De janvier à mars 2017, Human Rights Watch s’est entretenu avec plus de 20 habitants de Kivumu et de Nyamyumba et avec d’autres personnes familiarisées avec ces dossiers, et a observé et analysé les procédures judiciaires relatives à ces affaires.

Les autorités ont intimidé, menacé ou, dans certains cas, passé à tabac les quelques habitants qui les ont critiquées, même modérément. Des fonctionnaires ont arrêté des membres en vue de ces communautés et les ont accusés de provocation au soulèvement, mettant en demeure d’autres résidents de se garder de toute critique, ce qui a eu un effet glaçant dans l’ensemble de la communauté.

De nombreuses personnes qui tirent leur existence du travail de leurs terres ont peur que la solution imposée par le gouvernement ne menace leur mode de vie. Dans les deux affaires qui se sont déroulées à Nyamyumba et à Kivumu, le gouvernement local a imposé une solution sans le consentement informé ou la pleine participation des habitants, et sans la participation d’une autorité indépendante - juridique ou autre - pour mettre en place un processus équitable de règlement des litiges fonciers, a constaté Human Rights Watch.

À Nyamyumba, bien qu’une famille influente revendiquât depuis longtemps la terre, les résidents qui travaillaient sur cette terre s’étaient vu il y a quelques années décerner des titres fonciers. L’un d’eux avait obtenu gain de cause devant un tribunal, contre cette famille. Mais en novembre 2016, le maire du district de Rubavu a ordonné à 30 familles de quitter leurs terres. Plusieurs réunions ont alors été organisées dans la région, lors desquelles les résidents ont été menacés et empêchés de s’exprimer. Les autorités locales, civiles et militaires, ont accusé des agriculteurs qui ont fui leurs villages de crainte d’être arrêtés, d’être des rebelles.

Lorsqu’un représentant de la communauté locale, Oscar Hakundimana, a formulé des objections à la décision du maire, il a été arrêté, le 7 décembre, et accusé de rébellion et de provocation au soulèvement. Certains habitants qui ont protesté contre son arrestation ont été passés à tabac. Son procès a débuté le 28 mars 2017.

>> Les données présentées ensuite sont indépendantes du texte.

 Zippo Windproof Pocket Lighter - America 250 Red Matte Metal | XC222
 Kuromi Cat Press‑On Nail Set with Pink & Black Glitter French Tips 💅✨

À Kivumu, des préparatifs ont commencé pour la construction d’un « village modèle », un village centralisé dans lequel quatre familles se partageront un logement moderne livré avec des commodités de base comme l’eau et l’électricité. Les habitants de la localité seront contraints d’abandonner leurs habitations et leurs exploitations agricoles pour laisser la place au village modèle, avec des indemnités de divers montants. Le gouvernement prévoit de créer un village modèle dans chacun des 30 districts du pays.

Bien que les habitants de Kivumu aient bien apprécié certains aspects du plan visant à créer un village moderne, beaucoup d’entre eux affirment que leurs droits n’ont pas été respectés lors du processus d’expropriation, y compris leurs droits à la liberté d’expression, à des indemnités équitables et à une participation publique, et qu’ils craignent de graves conséquences pour leur sécurité alimentaire et leurs revenus lorsqu’ils devront abandonner leurs terres. D’autres ne sont pas à l’aise à l’idée de partager un logement avec d’autres familles, dans un village centralisé. Plusieurs habitants qui ont tenté de poser des questions ou d’exprimer des inquiétudes au sujet du processus, ont affirmé à Human Rights Watch que les autorités locales les avaient intimidés ou menacés et les avaient mis en demeure de se taire.

Une étudiante et activiste politique de la région qui était soupçonnée de s’opposer au plan, Léonille Gasengayire, a été arrêtée en août 2016 et inculpée de provocation au soulèvement. Des habitants qui ont essayé de témoigner à décharge lors de son procès ont été la cible de manœuvres d’intimidation. Un tribunal l’a acquittée et remise en liberté le 23 mars 2017.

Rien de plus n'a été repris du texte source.